実家のお墓参りに行くと、水汲み場の横に大きなお地蔵様がいらっしゃる。水を汲む前に、娘にいつも「お地蔵さまは子供の守り神。いつも見守ってくださっているのだから、ちゃんとごあいさつしようね。」と言って、並んで手を合わせてごあいさつしてきた。幼い娘が小さくてぽっちゃりとした手を合わせて目を閉じる姿は、とてもかわいらしく、心温まるものだった。

22歳になった今も、娘は忘れずにお地蔵様に手を合わせてご挨拶する。私も並んで手を合わせる。
ところが今日、送り盆でお墓に行った時、娘は車酔いが酷くて一緒にお墓参りができなかった。娘が一緒でないお墓参りは、なんだかいつもと勝手が違って、お地蔵様へのごあいさつなしで水汲みを始めてしまった。桶とひしゃくをもってお墓に向かおうとしたときに、振り向いたらお地蔵様がいらっしゃって、慌てて手を合わせてごあいさつをした。お地蔵様も苦笑いされていたかもしれない。

何故お地蔵様は子供の守り神と言われるのだろう。
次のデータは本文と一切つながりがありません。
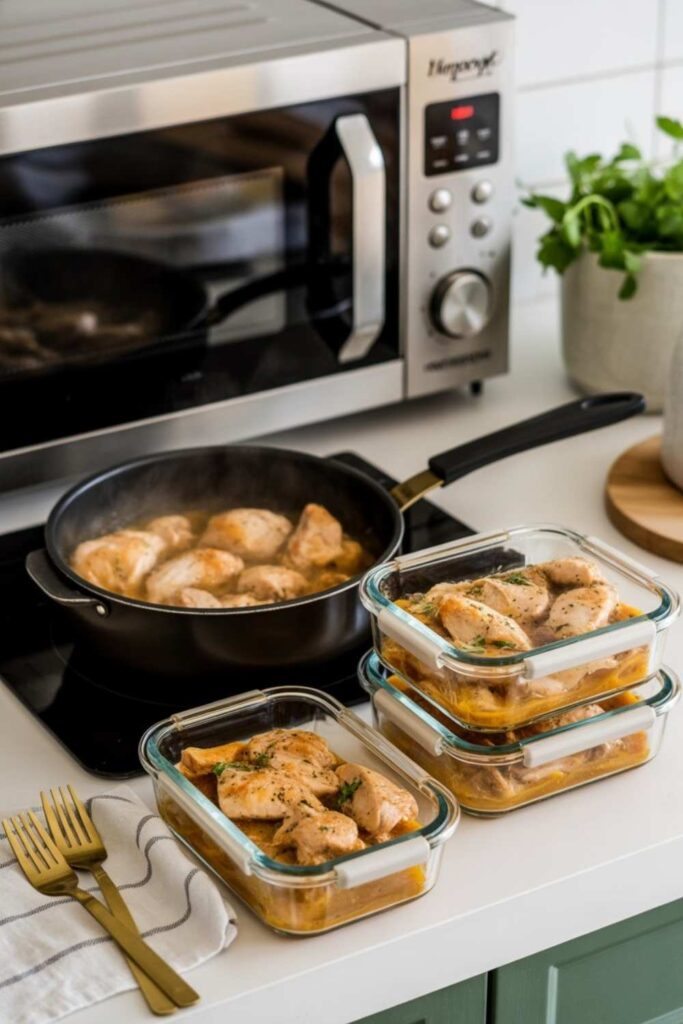 Crockpot Chicken Recipes Easy Healthy and Delicious Meals for Every Day 4 How to Store and Reheat Crockpot Chicken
私も父(僧侶である)にそう教えられたのをそのまま娘に教えたため、詳しく考えたことがなかったので、調べてみた。
さまざまな記事が見つかったが、ラジオ関西のこちらのページがとても分かりやすかったので、シェアさせていただき、引用する。

ではなぜ、お地蔵さんは子どもたちを守る存在と言われているのか。『兵庫・神戸のヒストリアン』園田学園女子大学名誉教授の田辺眞人さんに聞いてみた。
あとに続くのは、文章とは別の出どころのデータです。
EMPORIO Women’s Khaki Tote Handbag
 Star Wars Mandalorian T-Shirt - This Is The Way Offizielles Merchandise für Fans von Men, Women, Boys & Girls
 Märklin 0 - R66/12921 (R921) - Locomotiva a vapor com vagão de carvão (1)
「地蔵は正式には地蔵菩薩であり、将来如来になるために修行をしている存在で、菩薩の中でも愛情の強い存在であると言い、助けを求められるとそれがたとえ地獄であっても助けに行くといわれています。仏教では子どものうちに亡くなると、親より先になくなることは罪が深いとされ、子どもは地獄に落ちてしまうとされています。地獄から抜け出そうとするとその境目に『賽の河原』という川が流れ、この河原の石を自分の身長より高く積まないと地獄から出ることができないとされており、親たちは地蔵に賽の河原にいる子どもを助けてほしいとお願いすることから、子どもを救う・守る存在として信仰されるようになりました。地蔵が中心となる『地蔵盆』は、子どもが主役になり発展していったものでしょう」(田辺さん)
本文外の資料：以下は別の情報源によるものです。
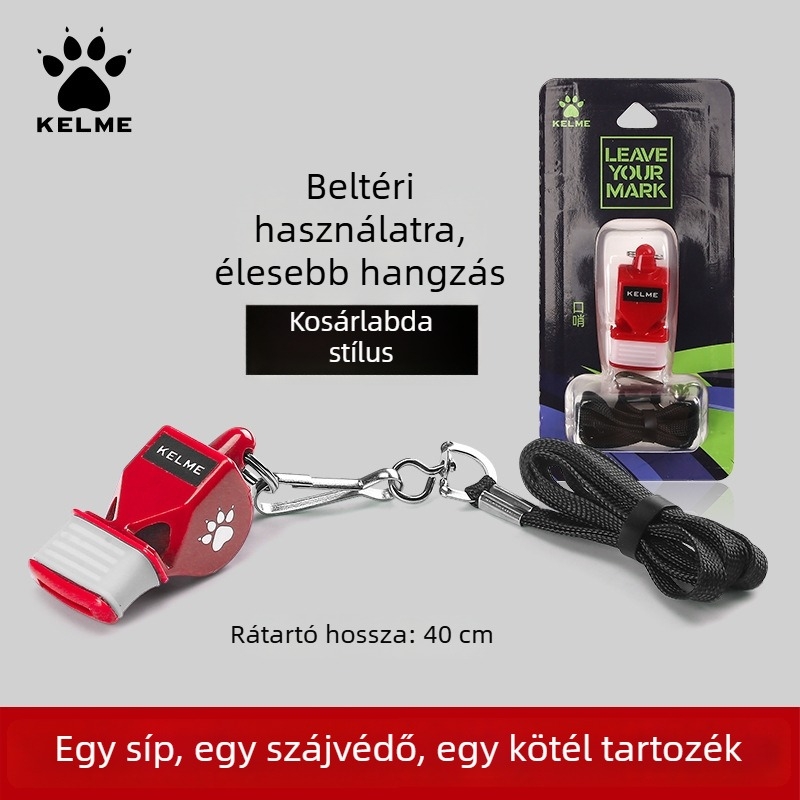 Kalmei síp, TPU anyag, Kalmei márka, kategória: síp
【子どもが主役の『地蔵盆』 お地蔵さんが子どもたちを守る存在といわれる理由】

地蔵盆という行事のことは初めて知った。毎年8月23日・24日に京都や大阪、神戸などの上方で行われ、街中の辻々に立ち、日ごろ子どもたちを守ってくれる仏様である「お地蔵さん」に、地域の人々が感謝を伝えるのだそうだ。子どもたちがそれぞれのお地蔵さんをお参りすると、お菓子などがもらえるという。

宗教的な行事ではあるが、子ども主体ということで、初詣などよりずっと子どもたちには身近な行事なのだろう。神仏に限らず、自分たちは多くの存在に見守られて育つということを感じるいい機会だと思う。
そして、自分はひとりではないということ、守ってくれる人や助けてくれる人がいるということを信じる気持ちを育ててくれるのではないか。他者を信頼していいという感覚は、幸せに生きるためにとても大切だ。

幼い娘にお地蔵様のことを教えたことで、娘の中にもそういう感覚が育っているといいと思う。